(Beginning of GIVEN RECORDS)

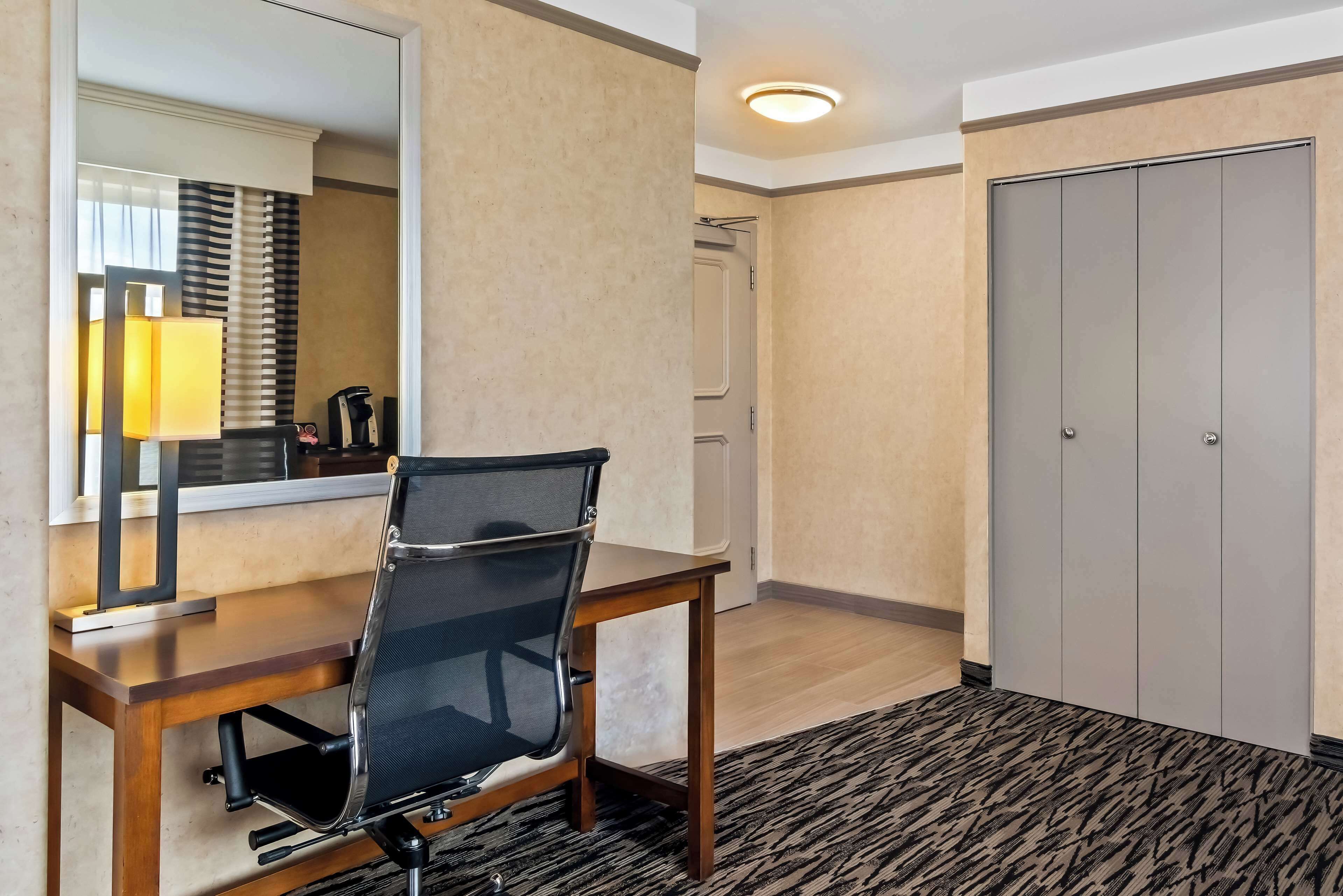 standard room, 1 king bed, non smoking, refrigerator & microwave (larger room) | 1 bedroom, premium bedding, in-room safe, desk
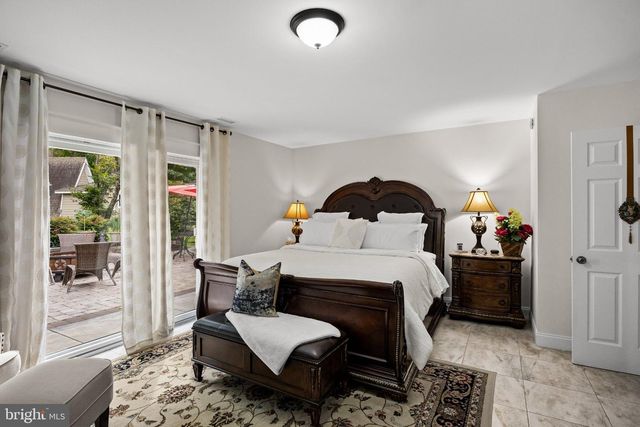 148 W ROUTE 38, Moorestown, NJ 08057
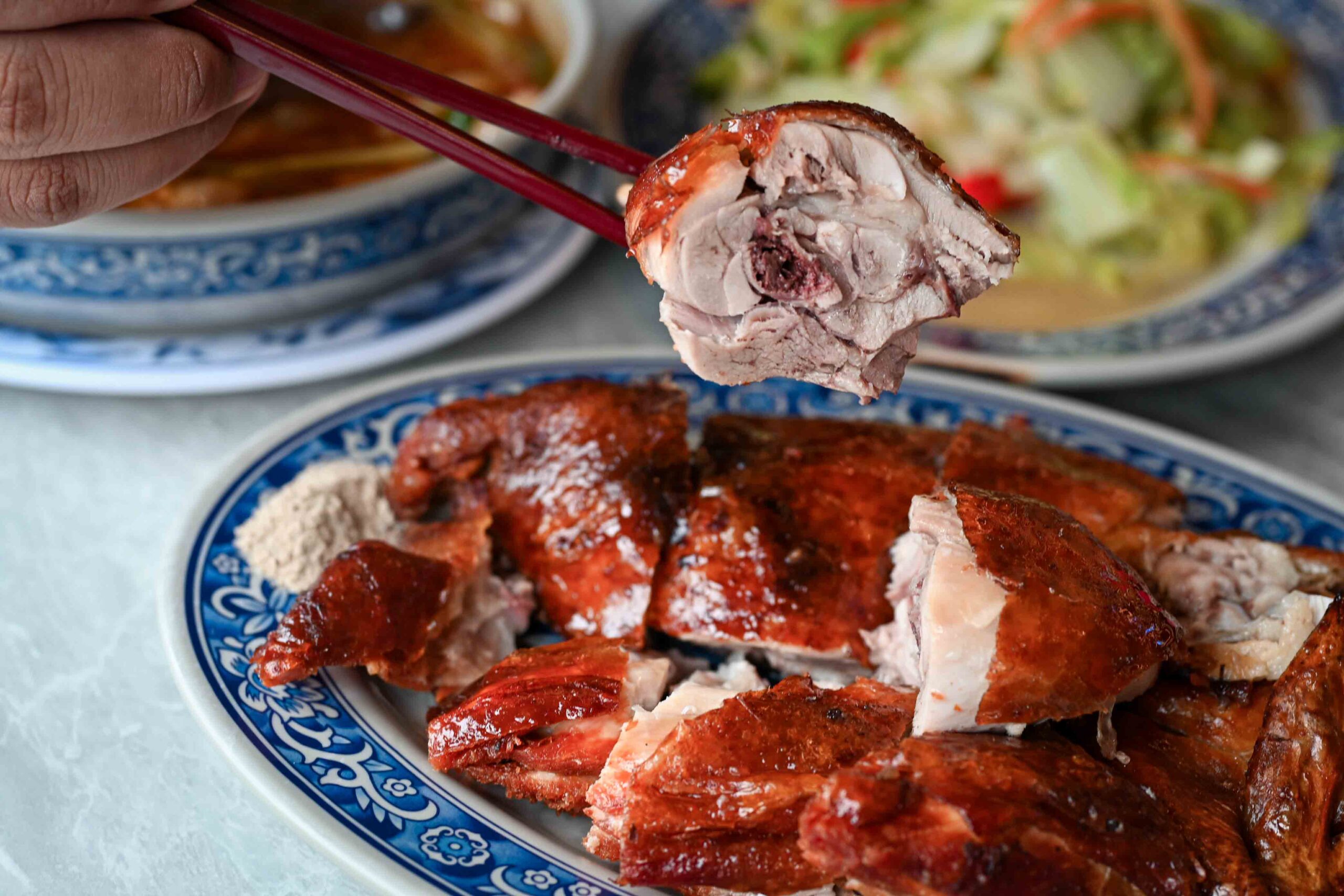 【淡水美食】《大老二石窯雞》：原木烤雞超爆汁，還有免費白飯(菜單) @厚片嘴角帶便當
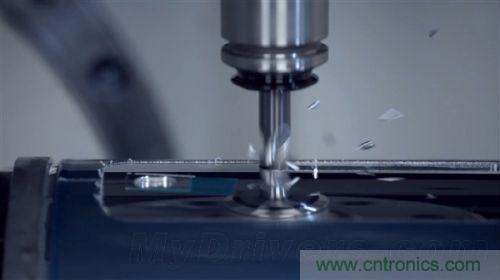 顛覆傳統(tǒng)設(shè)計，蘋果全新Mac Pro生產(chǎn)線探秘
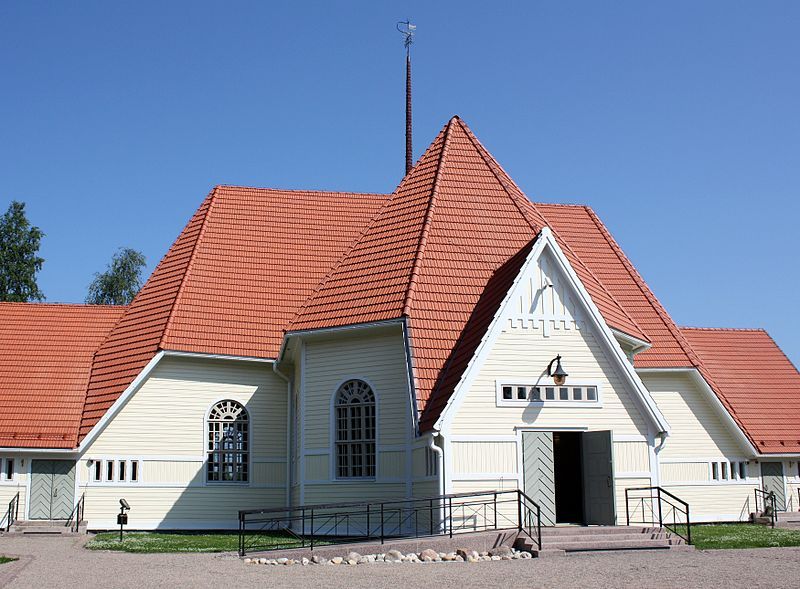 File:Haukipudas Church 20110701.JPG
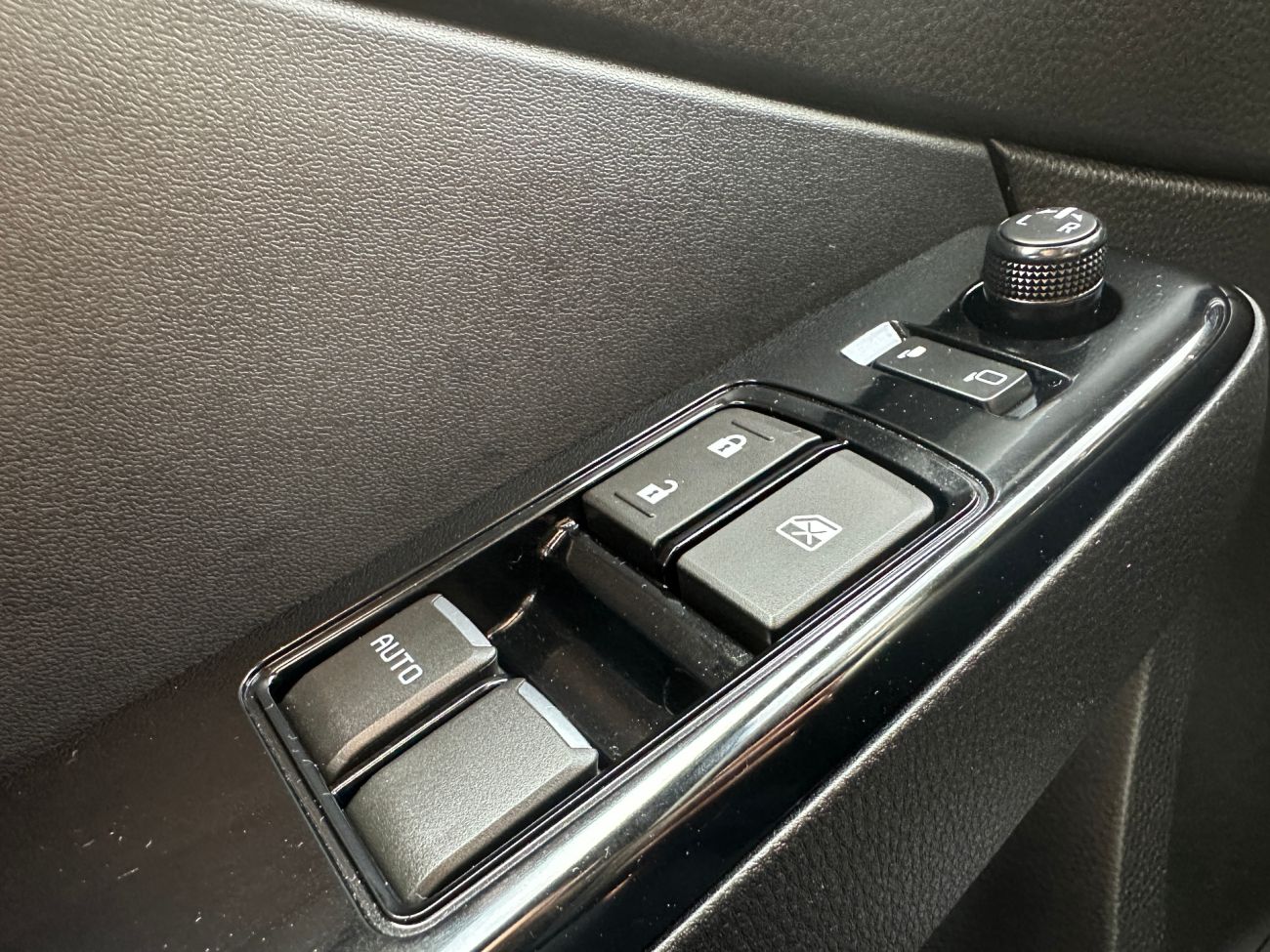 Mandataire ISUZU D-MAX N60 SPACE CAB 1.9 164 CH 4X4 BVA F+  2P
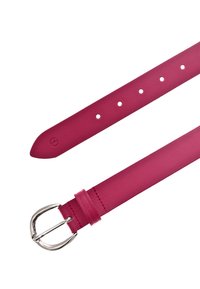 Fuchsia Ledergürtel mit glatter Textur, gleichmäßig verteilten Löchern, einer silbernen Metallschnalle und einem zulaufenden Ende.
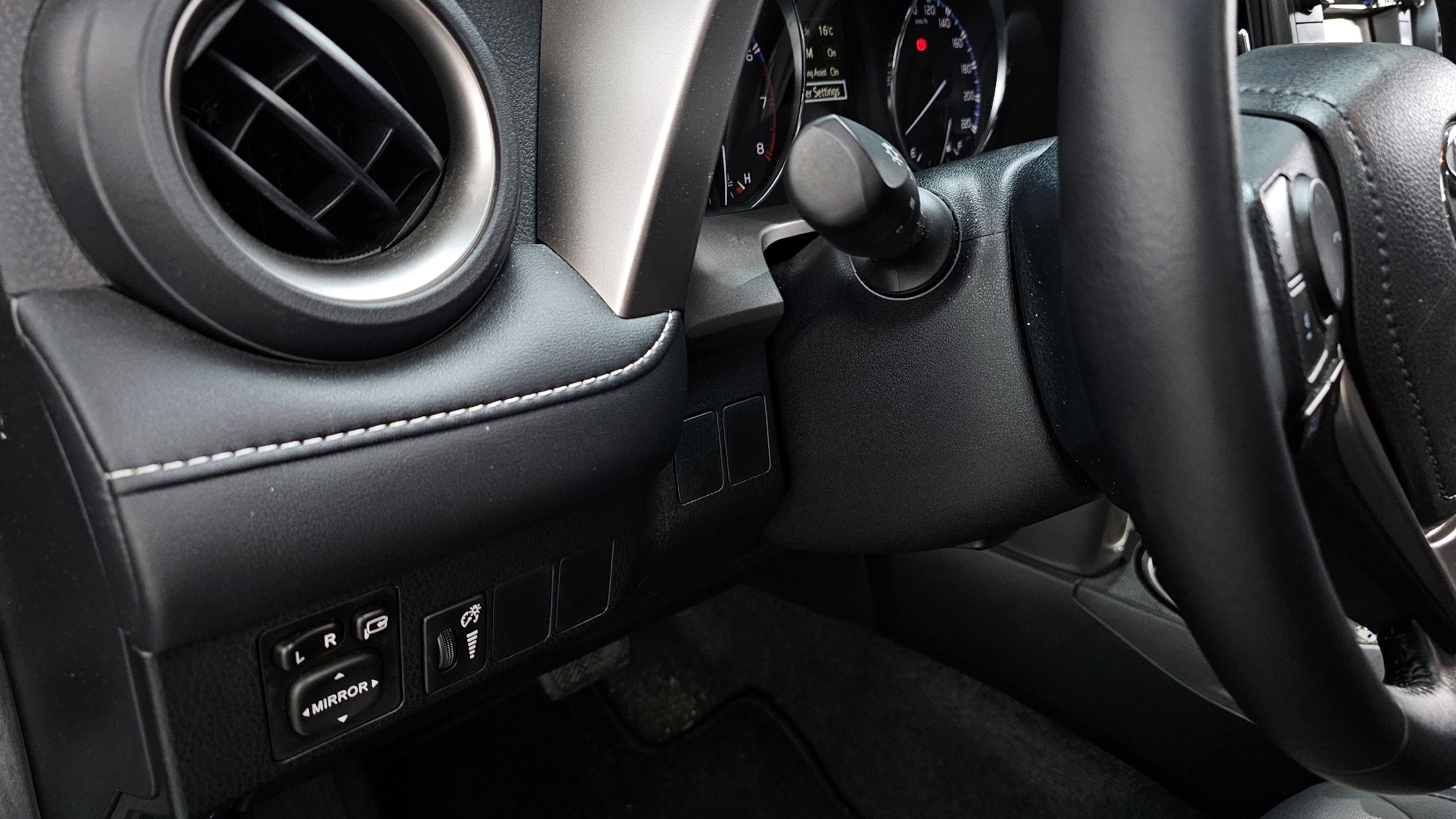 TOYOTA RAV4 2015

(End of GIVEN RECORDS)

The answer is to be the lines from the line that contains "File:Haukipudas Church 20110701.JPG" through the last line of the material, retyped exactly, both included, with pictures left out, please.

▶ SOLUTION
 File:Haukipudas Church 20110701.JPG
 Mandataire ISUZU D-MAX N60 SPACE CAB 1.9 164 CH 4X4 BVA F+  2P
 Fuchsia Ledergürtel mit glatter Textur, gleichmäßig verteilten Löchern, einer silbernen Metallschnalle und einem zulaufenden Ende.
 TOYOTA RAV4 2015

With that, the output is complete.